The whistleblowers believe Cheema and Razak may have taken shortcuts to skip sections of the race. After examining video evidence and run-time calculations, Pitblado notified both runners that they would be stripped of their medals and barred from the event for life. He noted neither one argued with the findings.
Susan Gordon was one of two people who reported the incidents to organizers. By reviewing race videos and online athletic records, Gordon, 53, appears to have nabbed a racer who has repeatedly won her division in the Sun Run, allegedly by cheating.
“I hope justice will be done. There is 47,999 other people out there who are running an honest race,” she told The Province.
Gordon — who generally places top-three in the B.C. races she enters — says she always checks out her competition after races. So when she saw a woman named Neena Cheema had won her age group this year, she researched Cheema’s prior results. Cheema had first won in her age group in 2007 at the Sun Run, but didn’t have results in other races in B.C., which seemed odd, Gordon said. On top of that, she added that Cheema’s Sun Run win in 2007 appeared to be about 22 minutes faster than Cheema’s first recorded Sun Run in 2006, according to online records.
“That (kind of improvement) is highly unusual,” Gordon said.

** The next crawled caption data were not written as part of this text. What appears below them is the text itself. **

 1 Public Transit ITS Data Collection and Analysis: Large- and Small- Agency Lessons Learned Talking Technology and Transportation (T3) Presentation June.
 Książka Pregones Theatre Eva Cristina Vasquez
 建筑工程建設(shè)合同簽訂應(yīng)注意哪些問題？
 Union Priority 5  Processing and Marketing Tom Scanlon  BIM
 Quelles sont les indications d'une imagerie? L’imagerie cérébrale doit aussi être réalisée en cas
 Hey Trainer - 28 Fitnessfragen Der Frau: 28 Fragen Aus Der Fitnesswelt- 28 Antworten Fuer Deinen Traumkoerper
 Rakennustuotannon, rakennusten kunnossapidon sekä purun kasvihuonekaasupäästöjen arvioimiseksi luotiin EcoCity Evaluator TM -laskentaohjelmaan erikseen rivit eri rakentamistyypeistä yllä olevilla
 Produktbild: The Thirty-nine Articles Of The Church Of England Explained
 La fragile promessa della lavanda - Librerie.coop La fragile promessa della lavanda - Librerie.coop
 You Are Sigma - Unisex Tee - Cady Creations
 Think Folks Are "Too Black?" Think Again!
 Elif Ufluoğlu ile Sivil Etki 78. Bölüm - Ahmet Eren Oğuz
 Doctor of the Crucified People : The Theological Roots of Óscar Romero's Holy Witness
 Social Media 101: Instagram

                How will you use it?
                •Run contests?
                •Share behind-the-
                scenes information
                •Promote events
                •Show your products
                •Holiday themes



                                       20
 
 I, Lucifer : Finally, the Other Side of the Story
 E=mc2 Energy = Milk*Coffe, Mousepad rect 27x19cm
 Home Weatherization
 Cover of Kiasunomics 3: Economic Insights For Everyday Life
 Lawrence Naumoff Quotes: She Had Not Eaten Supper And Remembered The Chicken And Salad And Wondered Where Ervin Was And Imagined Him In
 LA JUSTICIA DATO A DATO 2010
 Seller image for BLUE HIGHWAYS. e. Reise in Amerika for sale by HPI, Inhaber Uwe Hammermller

Now suspicious, Gordon reviewed several videos of the 2013 race. But she couldn’t find Cheema in the lead group of runners on the Cambie Bridge. After reviewing the clip about 10 times, she says she spotted Cheema suddenly come up behind an older couple who were walking by the side of the bridge.
“This woman comes around wearing a heavy coat, and I thought, ‘Well that is weird, she’s walking,’” Gordon recalled.
Putting together images of Cheema walking, along with some calculations, and footage of Cheema crossing the finish, she shared the information with both her Vancouver Falcons Athletic Club race coach and her brother, also an avid runner. All were convinced that Cheema was cheating, and evidence was forwarded to race officials.
“I guess I move from fourth place into the medals (in the age class), but I was thinking of all the runners over the previous years,” Gordon said. “We work really, really hard. I’m angry for all the other runners.”
Cheema is employed at B.C. Place and was running as part of a corporate team Sunday.
Calls to Cheema went unanswered. A message left for Razak was also unreturned by press time.
Pitblado said organizers will now implement timing mats in next year’s event and onwards. The mats, which are placed on the ground throughout the course, will ‘clock-in’ runners at various points to ensure they’re keeping to the race route.